After reading my last post — the one about the pigeon — Matt Westfall posted a comment, very reasonably asking what classical music might share the pigeon’s aesthetic world.
It was fun thinking about that. Here are a few thoughts. I’d be happy to hear more. Mine seem fairly obvious, at least to me.
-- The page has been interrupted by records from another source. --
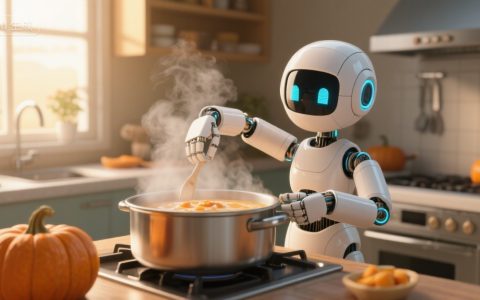 机器人：藏在金属壳里的温柔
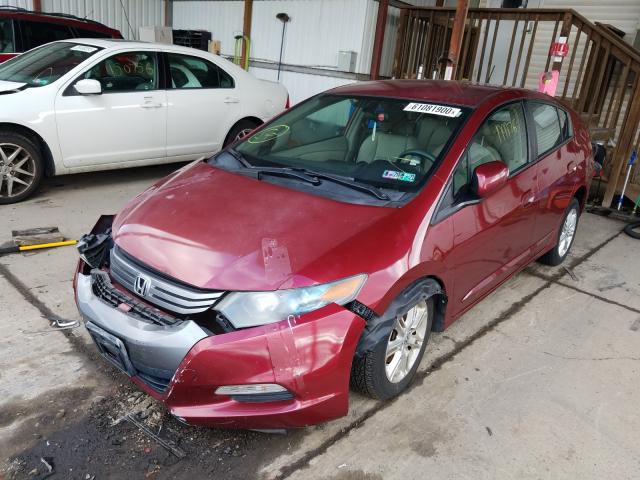 2010 HONDA INSIGHT EX JHMZE2H79AS009273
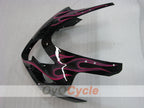 Injection Fairing kit for 04-05 GSXR600 - Red, Black - Flame #OYO87901188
No need to stick to pieces as famous as most of these.
- Steve Reich, Clapping Music
- John Adams, Chamber Symphony (plus many others)
- John Cage, Sonatas and Interludes for Prepared Piano, 4’33”
- Debussy, Afternoon of a Faun, Petite Suite, more
- Boulez, Sur incise
- Ravel, Concerto for the Left Hand (and much more)
- Varese, Ionisation
- Stravinsky, Octet, Apollo, Violin Concerto, Concerto in D (so many others; and Matt, the Concerto in D is the piece I mistakenly called Serenade in D in my answer to your comment)
- Mozart, one of the violin concertos, if played by someone who improvises a lot of ornaments (and maybe adds a cadenza like the famous one by Gilles Apap, which you can watch on YouTube)
- Bartok, many pieces
- David Lang, Cheating, Lying, Sealing
- Many Michael Dougherty pieces — the Liberace piece, the Metropolis symphony, much more
- Stockhausen, Stimmung, Manta (not for everyone, but some will love these pieces)
- Beethoven, many pieces, if played without restraint
- lots of Shostakovich
- Schoenberg, Piano Suite Op. 25, and also the tiny Op. 19 piano pieces; Five Pieces for Orchestra; String Trio
- Bach, any of the Brandenburgs, any of the keyboard pieces
- Haydn symphonies — I’d pick the early middle ones, Nos. 22 to 55 or so.
- Webern, Piano Variations
And of course the list could be much longer.
Or listen to Q2, the internet radio station created by the music people at WNYC/WQXR. Mostly all new music, and just about anything they play would work on my playlist.